[DATA PROVIDED Boundary: Start]
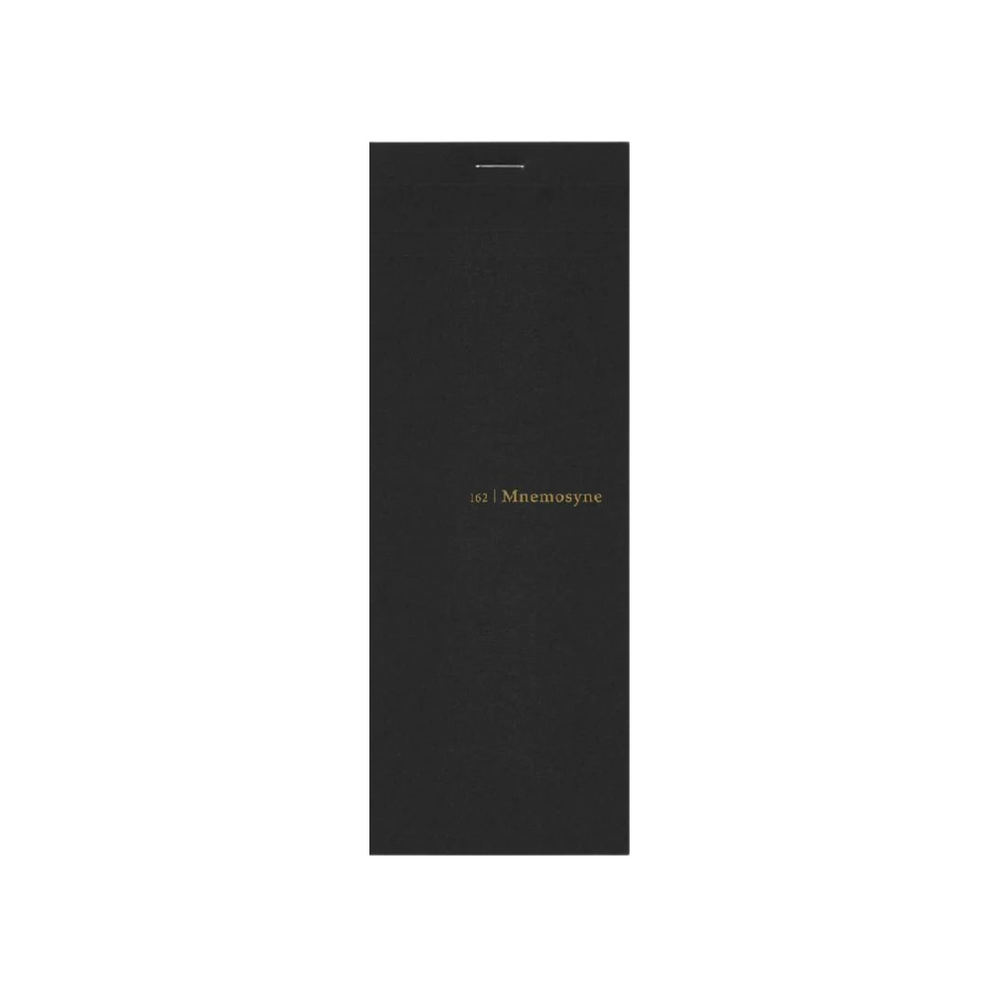 Maruman Mnemosyne 7.87 x 2.95 Inches (Long type) Memo Pad - Graph (Black) — side view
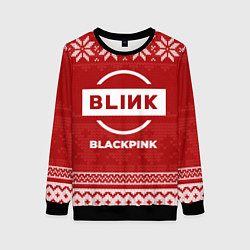 Свитшот женский Новогодний Blackpink, цвет: 3D-черный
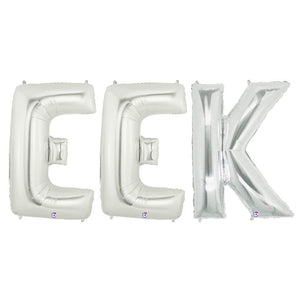 Betallic 40 inch EEK - MEGALOON LETTERS KIT Foil Balloon KT-400449-B-P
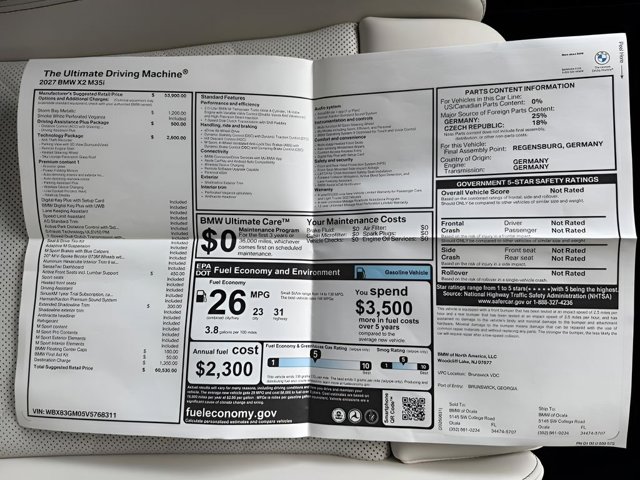 New 2027 Storm Bay Metallic BMW M35i image 28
[DATA PROVIDED Boundary: End]
▶ **WHAT IS BEING ASKED**: Please provide a faithful transcription of all the data, pictures excluded.

▶ **RESPONSE TO THIS EXERCISE**:
 Maruman Mnemosyne 7.87 x 2.95 Inches (Long type) Memo Pad - Graph (Black) — side view
 Свитшот женский Новогодний Blackpink, цвет: 3D-черный
 Betallic 40 inch EEK - MEGALOON LETTERS KIT Foil Balloon KT-400449-B-P
 New 2027 Storm Bay Metallic BMW M35i image 28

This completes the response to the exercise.